● What you need to do
Copy each entry precisely as written, and do not carry over the pictures.
..........
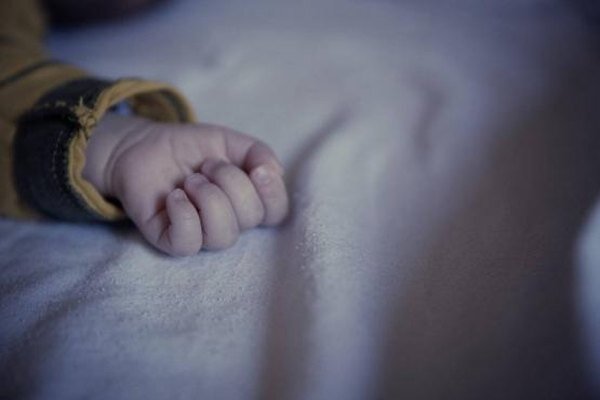 Источник фото: яндекс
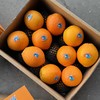 晏蓝橙～赣南脐橙【净重约8斤】 商品缩略图6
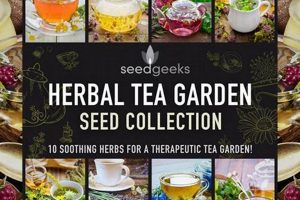 Buy Herbal Tea Garden Seeds Online: Grow Your Own Tea The Ultimate Herbal Remedies Guide: Natural Healing for a Healthier Life Buy Herbal Tea Garden Seeds Online: Grow Your Own Tea | The Ultimate Herbal Remedies Guide: Natural Healing for a Healthier Life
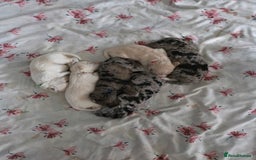 Yorkiepoo dogs for sale: 6 beautiful Yorkiepoo puppies , 5 girls and 1 boy  - Image 14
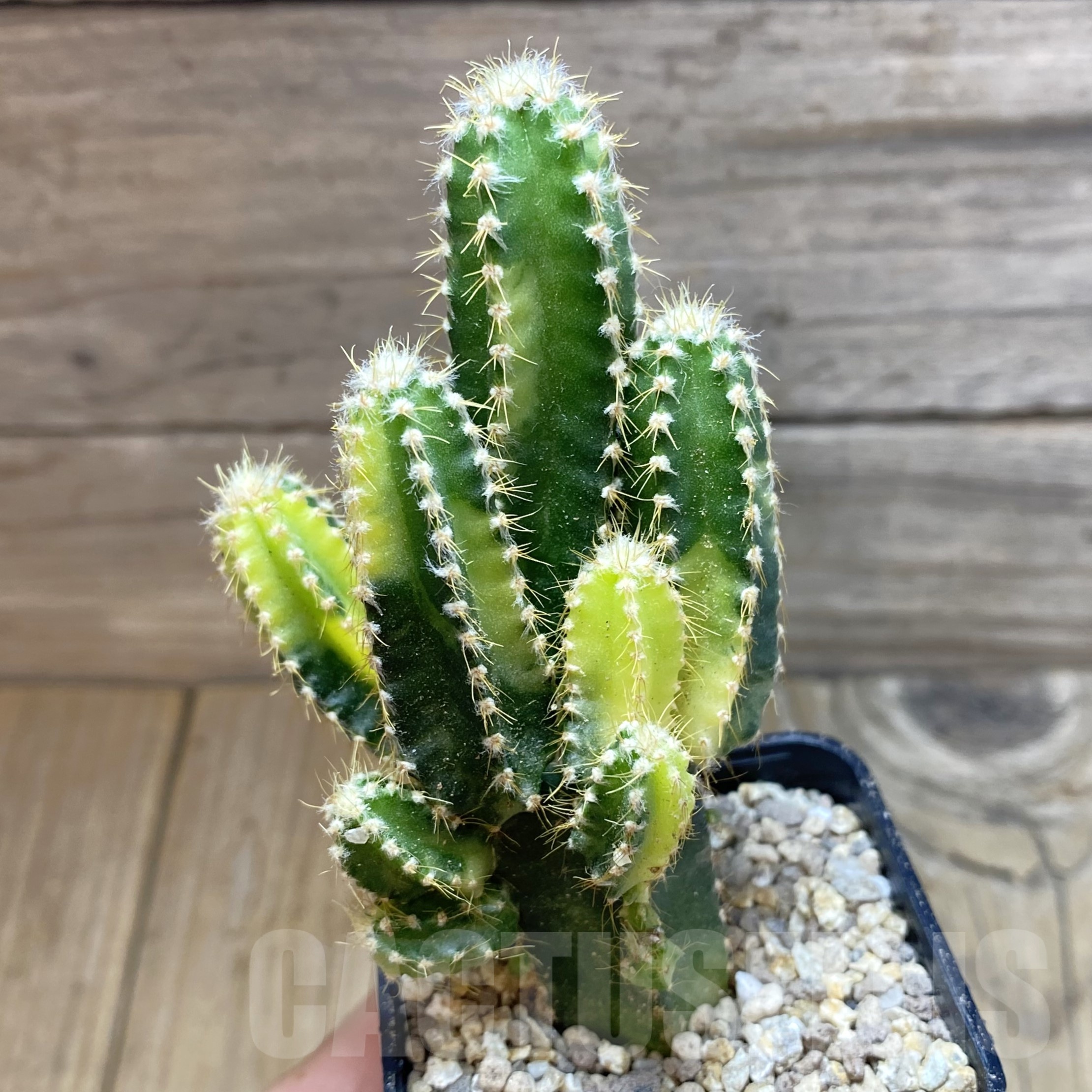 SH19504 Cereus tetragonus f. variegata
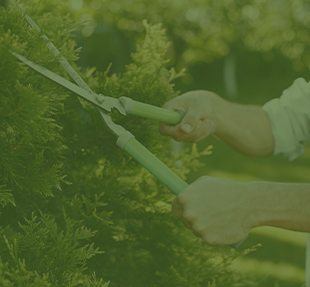 Gardening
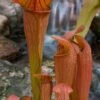 Bug Bat Pitcher Plant (Sarracenia) - 2.5 Quart Pot -Garden Plants Shop sarracenia bug bat pitcher plant 2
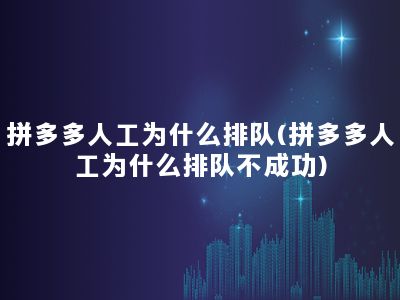 拼多多人工为什么排队(拼多多人工为什么排队不成功)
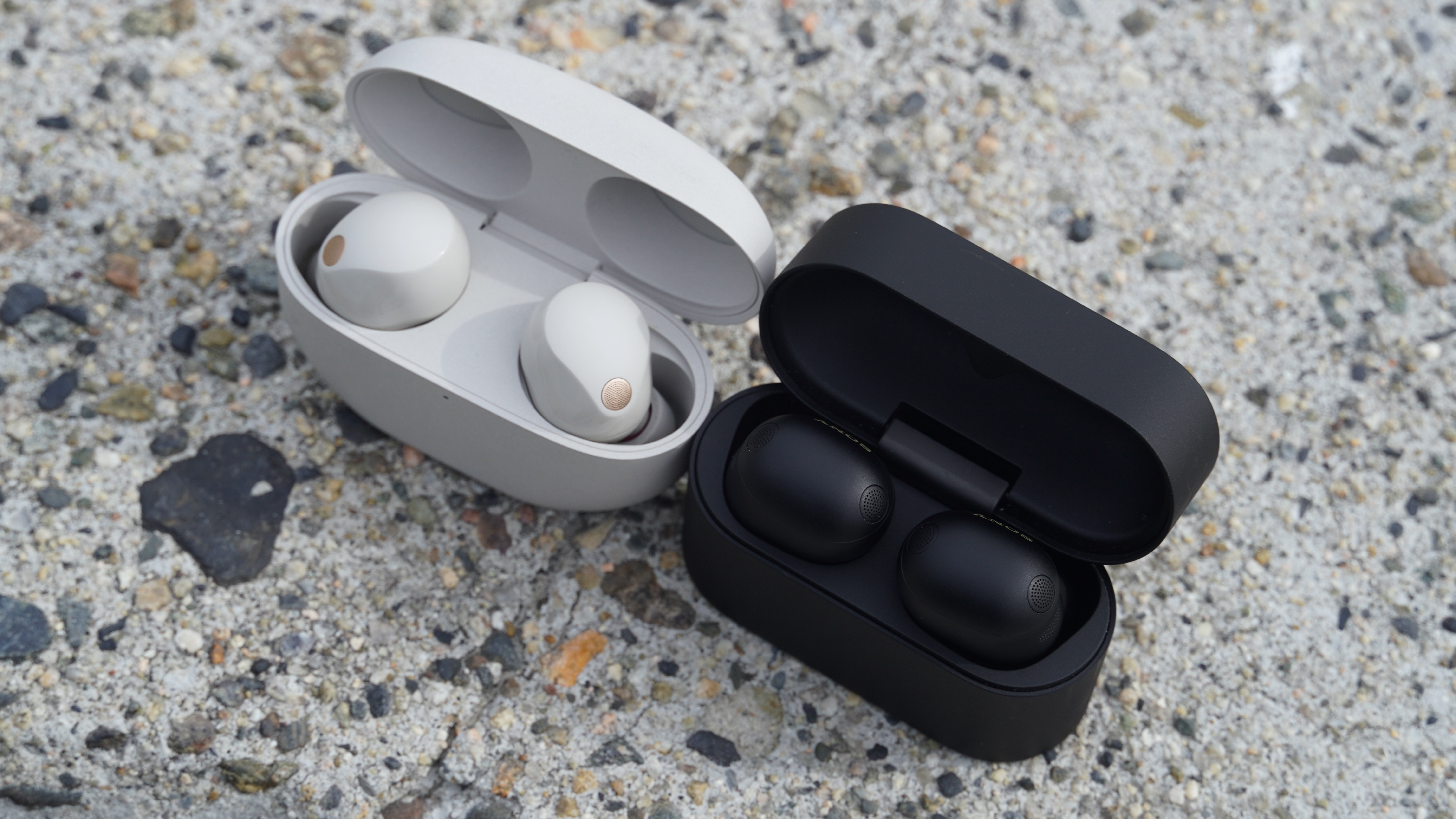 The Sony WF-1000XM5 in Platinum Silver compared to the Sony WF-1000XM6 in Black.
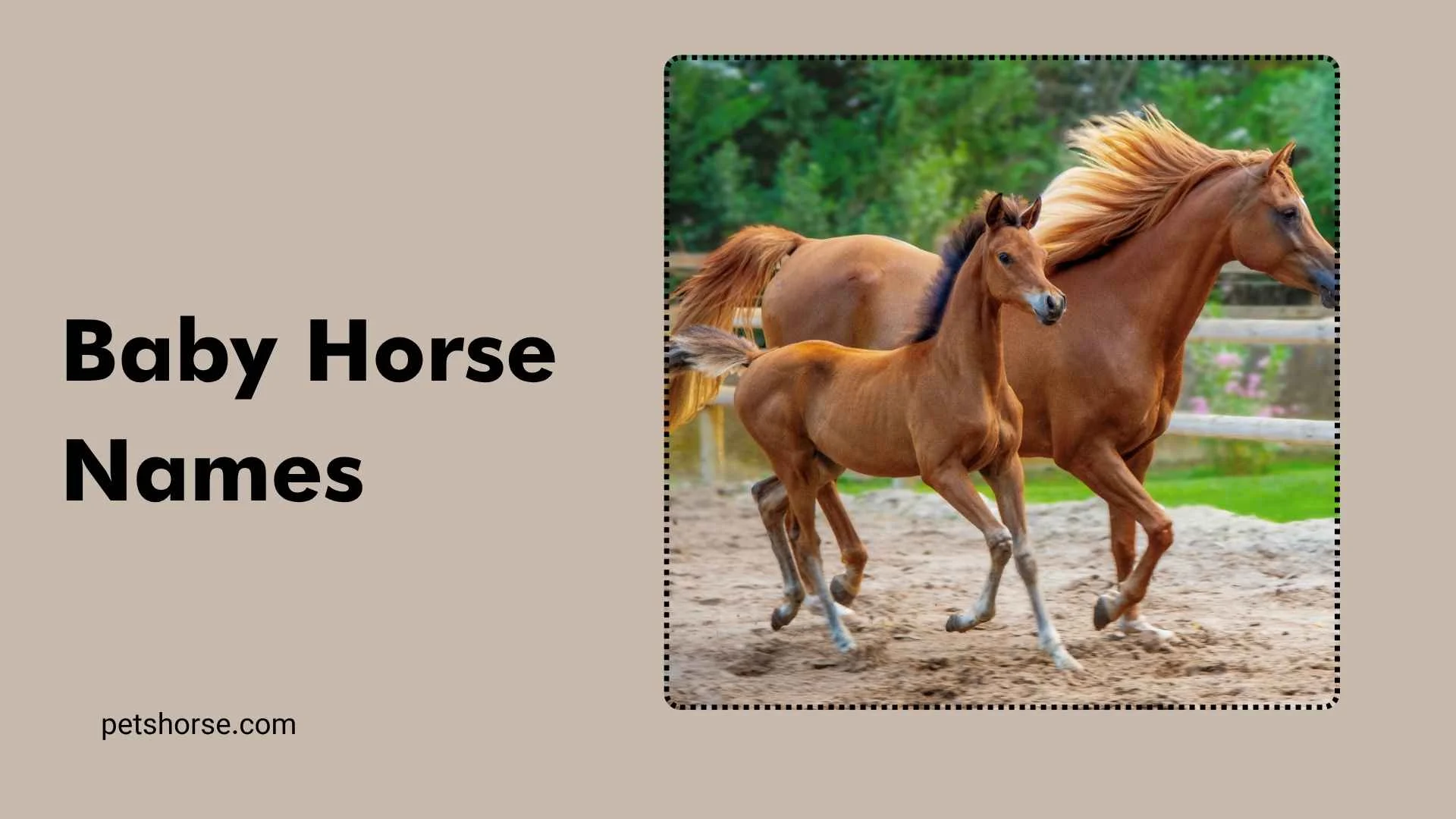 baby horse names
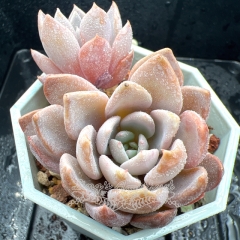 Real & Unique | Echeveria 'Lulu' (Echeveria laui × Graptopetalum rusbyi)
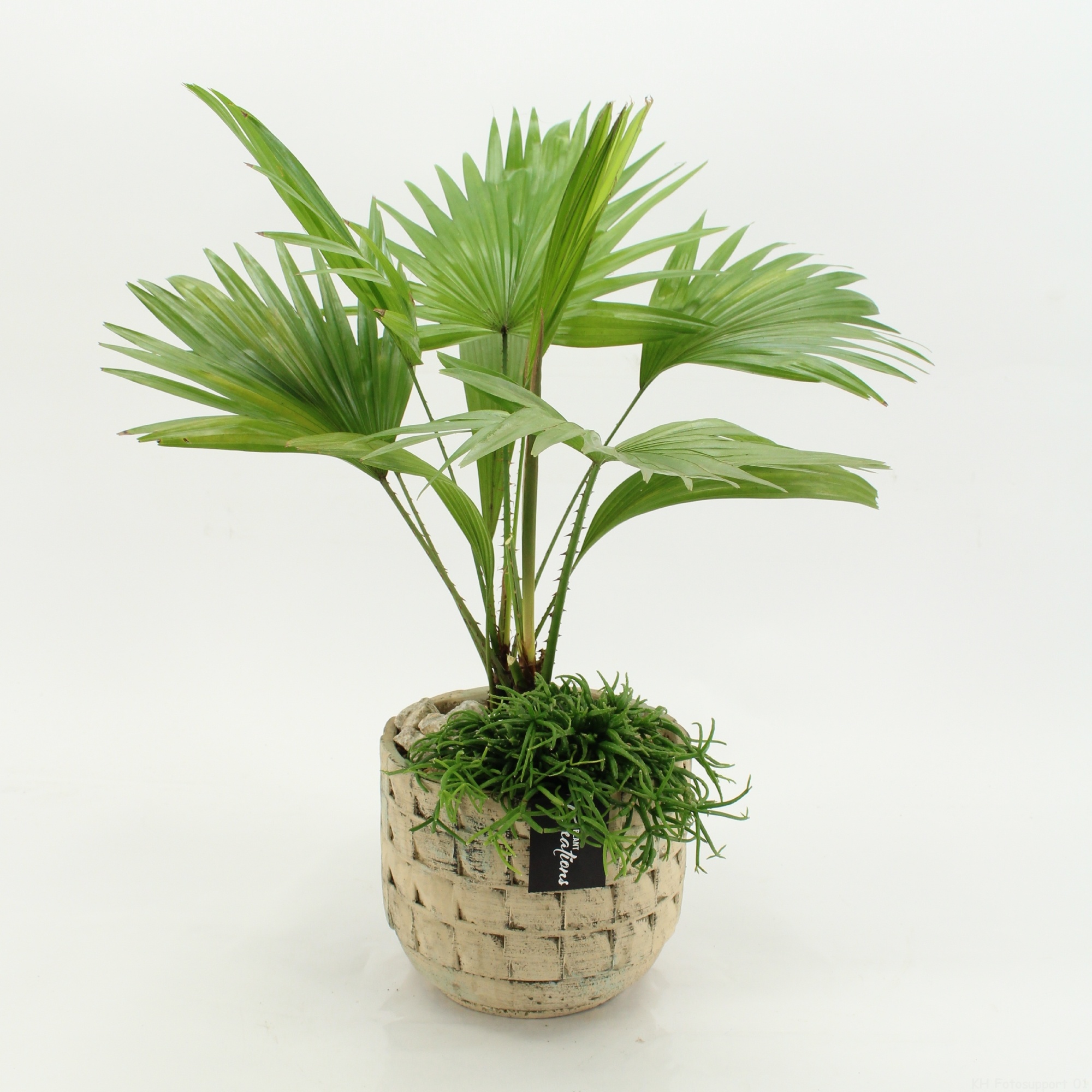 GRCR-2642 Green Essentials, D 17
..........
● Answer area
 Источник фото: яндекс
 晏蓝橙～赣南脐橙【净重约8斤】 商品缩略图6
 Buy Herbal Tea Garden Seeds Online: Grow Your Own Tea The Ultimate Herbal Remedies Guide: Natural Healing for a Healthier Life Buy Herbal Tea Garden Seeds Online: Grow Your Own Tea | The Ultimate Herbal Remedies Guide: Natural Healing for a Healthier Life
 Yorkiepoo dogs for sale: 6 beautiful Yorkiepoo puppies , 5 girls and 1 boy  - Image 14
 SH19504 Cereus tetragonus f. variegata
 Gardening
 Bug Bat Pitcher Plant (Sarracenia) - 2.5 Quart Pot -Garden Plants Shop sarracenia bug bat pitcher plant 2
 拼多多人工为什么排队(拼多多人工为什么排队不成功)
 The Sony WF-1000XM5 in Platinum Silver compared to the Sony WF-1000XM6 in Black.
 baby horse names
 Real & Unique | Echeveria 'Lulu' (Echeveria laui × Graptopetalum rusbyi)
 GRCR-2642 Green Essentials, D 17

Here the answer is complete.